I went back to the list of ideas presented in Roger L. Kemp’s piece about downtown revitalization and chose the first item as a basis to build on, “Restoring and enhancing nature, such as ponds, parks, and even urban farms.”
Several years ago I was part of a discussion about Greenfield and one person described the idea of developing the area behind the Grain and Hay and the RR Depots as a community park. I don’t remember all the details but the major one involved restructuring or terracing the embankment leading down to Paint Creek and turning it into an amphitheater.
Several years later Greenfield received a grant and constructed a nice bicycle/walking path that parallels Paint Creek beginning at the bottom of South Street. At the time I suggested the city use it’s labor and equipment while the project was on going and clean up the creek area, thin out some of the trees and undergrowth, and reshape a portion of the creek bank making it more accessible to the public and to less able citizens. Turn the area between South Street and the woods near Felson Park into a public park and recreation area. Maybe secure permission from the Corps of Engineers to build a small stone dam to deepen the pool of water in that area for improved fishing, canoeing, etc.
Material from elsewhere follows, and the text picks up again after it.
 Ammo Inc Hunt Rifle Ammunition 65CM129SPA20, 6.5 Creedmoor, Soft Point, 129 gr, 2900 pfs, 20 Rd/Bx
I don’t know what such things would cost and since these original discussions the economy fell on its nose and the city has faced major budget problems. But, the ideas are still there and an argument can be made that investing in quality of life issues can help bring us back.
Since my friend proposed his amphitheater idea here’s what’s happened in that area of town. The Greenfield Historical Society has continued to develop its collection of museums there, a stone wall has been built along part of the Pioneer Cemetery, the bike path has been extended an extra several miles along Paint Creek, Felson Park sits awaiting greater use, and Paint Creek still offers scenic and recreational opportunities. The whole area can also easily be tied into and made accessible with Mitchell Park via the bike path. There is one huge potential public park well within walking and bicycle distance of any part of town. That’s one hell of a resource sitting just two blocks from the center of center of Greenfield’s business district. Someone else will have to deal with the cost and labor needed but to a average person it doesn’t seem like it would take too much to turn it all into a showplace of community involvement, concern, and pride.
Maybe the development of our creek bank could be the one thing that strikes a passing entrepreneur to stop and say, “This place, Greenfield, Ohio may be a great place to locate my new company.”